Iran Had the Legal Right to Shoot Down US Spy Drone

by Marjorie Cohn Tuesday, Jun. 25, 2019 at 12:59 AM

The UN Charter signed in April 1945 sought to outlaw war and threats of war.

https://truthout.org/articles/iran-had-the-legal-right-to-shoot-down-us-spy-drone/

On June 19, an Iranian surface-to-air missile shot down an unmanned U.S. surveillance drone. The White House claimed that its drone was at least 20 miles from Iran, in international airspace, while Iran maintains the drone was in Iranian airspace. Iran presented GPS coordinates showing the drone eight miles from Iran’s coast, which is inside the area of 12 nautical miles that is considered Iran’s territorial waters under the U.N. Convention on the Law of the Sea.

Iran has the legal right to control its own airspace.

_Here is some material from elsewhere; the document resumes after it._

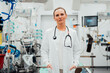 © Westend61 - Doctor in an emergency room with medical equipment in the background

The United States has no lawful claim of self-defense that would justify a military attack on Iran.

Both the U.S. and Iran are parties to the Chicago Convention on International Civil Aviation, which provides “that every State has complete and exclusive sovereignty over the airspace above its territory.”

Iran’s sovereignty over its airspace includes the right to shoot down an unmanned drone present without consent. “Although there is no black letter law on the question, state practice suggests that a state can use force against unmanned drones that have entered its airspace without consent,” Ashley Deeks and Scott R. Anderson wrote at Lawfare.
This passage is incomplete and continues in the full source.